*** Data supplied ***

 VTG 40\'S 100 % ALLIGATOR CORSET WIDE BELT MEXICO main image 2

*** End of Data supplied ***
*** Data supplied ***

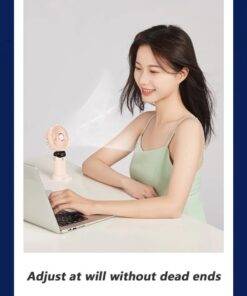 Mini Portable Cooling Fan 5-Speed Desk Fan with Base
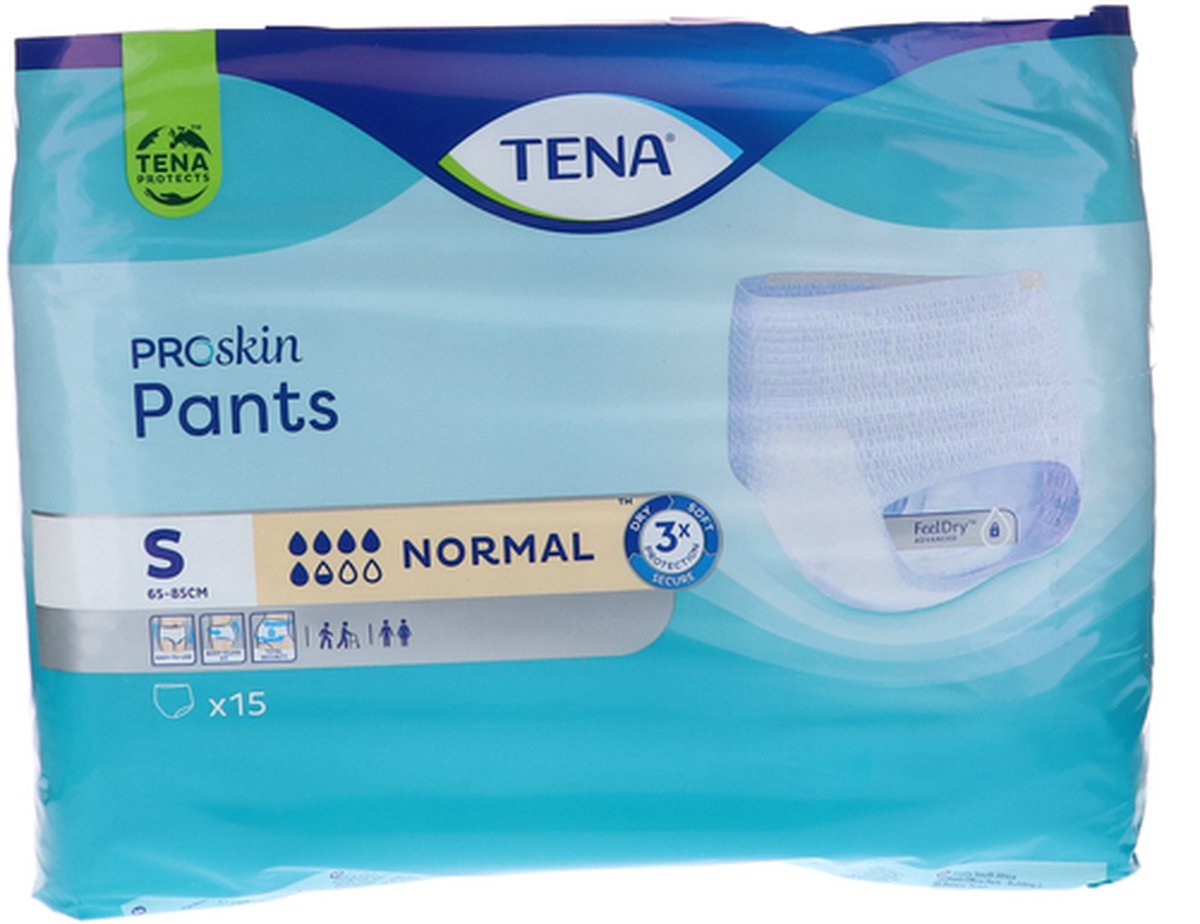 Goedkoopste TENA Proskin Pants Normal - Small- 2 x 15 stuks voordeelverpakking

*** End of Data supplied ***
*** Data supplied ***

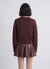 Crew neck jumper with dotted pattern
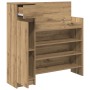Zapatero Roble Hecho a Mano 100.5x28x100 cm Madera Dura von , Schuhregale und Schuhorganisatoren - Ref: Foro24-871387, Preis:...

*** End of Data supplied ***

**Work to complete:** Return exactly the lines of the material above, starting at the line containing "Crew neck jumper with dotted pattern" and finishing at the line containing "Zapatero Roble Hecho", without any pictures.

**Answer to the problem:**
 Crew neck jumper with dotted pattern
Zapatero Roble Hecho a Mano 100.5x28x100 cm Madera Dura von , Schuhregale und Schuhorganisatoren - Ref: Foro24-871387, Preis:...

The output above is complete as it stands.